Hernias comprise a growing problem in surgical science. The most recent classification scheme for hernias emphasizes on the size of defect as well as on whether it is an incisional hernia. The latter group includes complex hernias, namely hernias that can not be managed with simple surgical techniques. This can be accomplished with retromuscular repairs or the more complex anterior and posterior component separation techniques. An anatomic repair is usually reinforced with interposition of mesh. Newest techniques, such as the use of botulinum toxin to induce temporary paralysis of the lateral abdominal wall musculature, referred to as chemical component separation, now present new tools in the restoration of anatomy-based repairs. The chapter entitled “Anatomical and surgical principles of ventral hernia repairs” aims to describe the anatomical and surgical principles of current practice regarding the repair of ventral -primary and incisional-hernias.

Keywords

  • hernia
  • ventral
  • surgery
  • anatomy

1. Introduction

Ventral hernias constitute a significant percentage of abdominal wall hernias, making the topic of relevant surgical anatomy and operative principles a fundamental one for the general surgeons, as well as urologists, gynecologists and vascular surgeons who perform operations within the peritoneal cavity.
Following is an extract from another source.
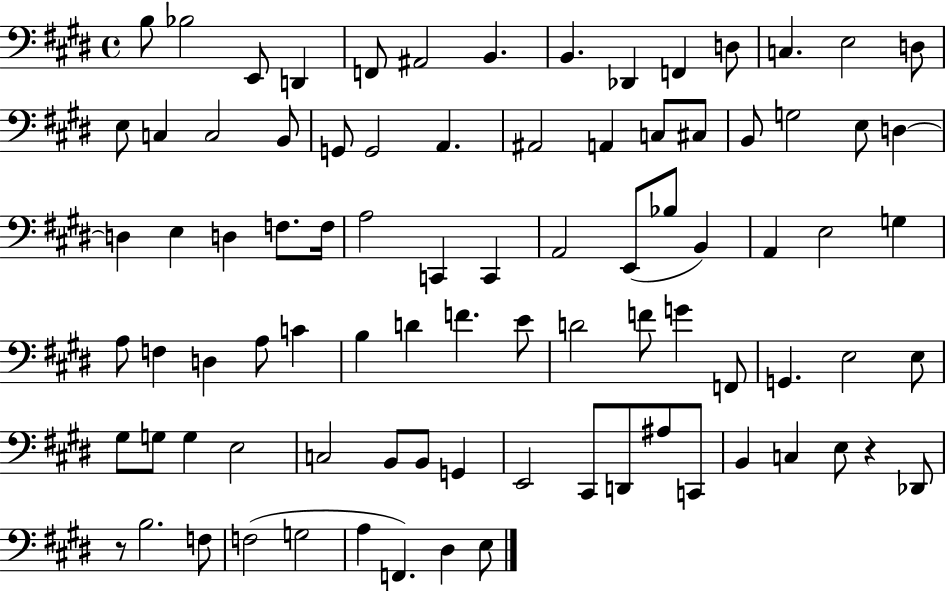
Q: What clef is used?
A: bass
Historically, their management can be as simple as placement of a few interrupted sutures to close the hernia defect, but can also be as demanding as a complex abdominal wall reconstruction for patients with loss of domain. Without a doubt, knowledge of the basic surgical anatomy principles and up-to-date operative techniques is mandatory for the avoidance of perioperative complications and reduction of future hernia recurrences. In this chapter, we aim to address these theoretical and practical issues, aiming to facilitate the formation of a structured individualized approach for the operating surgeons.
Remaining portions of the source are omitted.